Aim of the exercise
When you reach a picture, skip it, and retype every line below exactly.

Supplied data
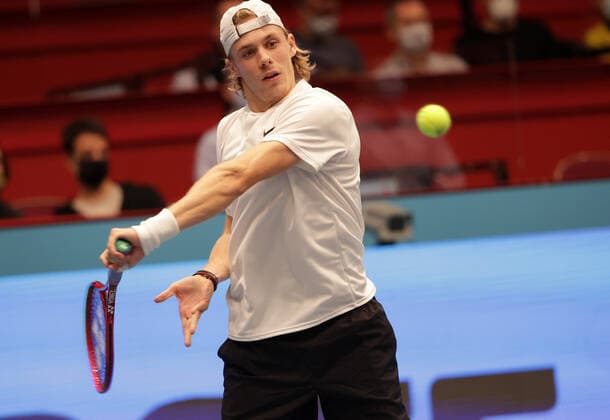TENNIS - ATP, Tennis Herren Erste Bank Open VIENNA,AUSTRIA,26.OCT.20 - TENNIS - ATP World Tour, Erste Bank Open. Image shows Denis Shapovalov (CAN). GEPAxpictures xWalterxLuger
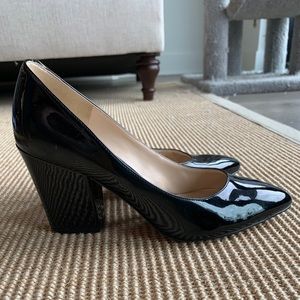 Nine West Thick Heel Patent Leather Pump Size 8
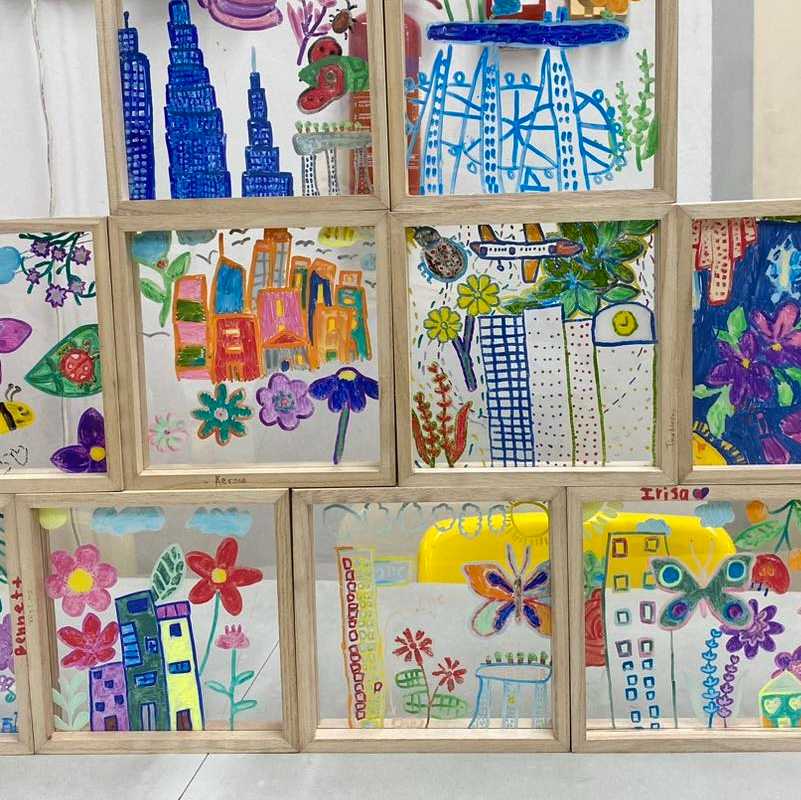 Art on Acrylic Wooden Frame 2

Solved problem
TENNIS - ATP, Tennis Herren Erste Bank Open VIENNA,AUSTRIA,26.OCT.20 - TENNIS - ATP World Tour, Erste Bank Open. Image shows Denis Shapovalov (CAN). GEPAxpictures xWalterxLuger
 Nine West Thick Heel Patent Leather Pump Size 8
 Art on Acrylic Wooden Frame 2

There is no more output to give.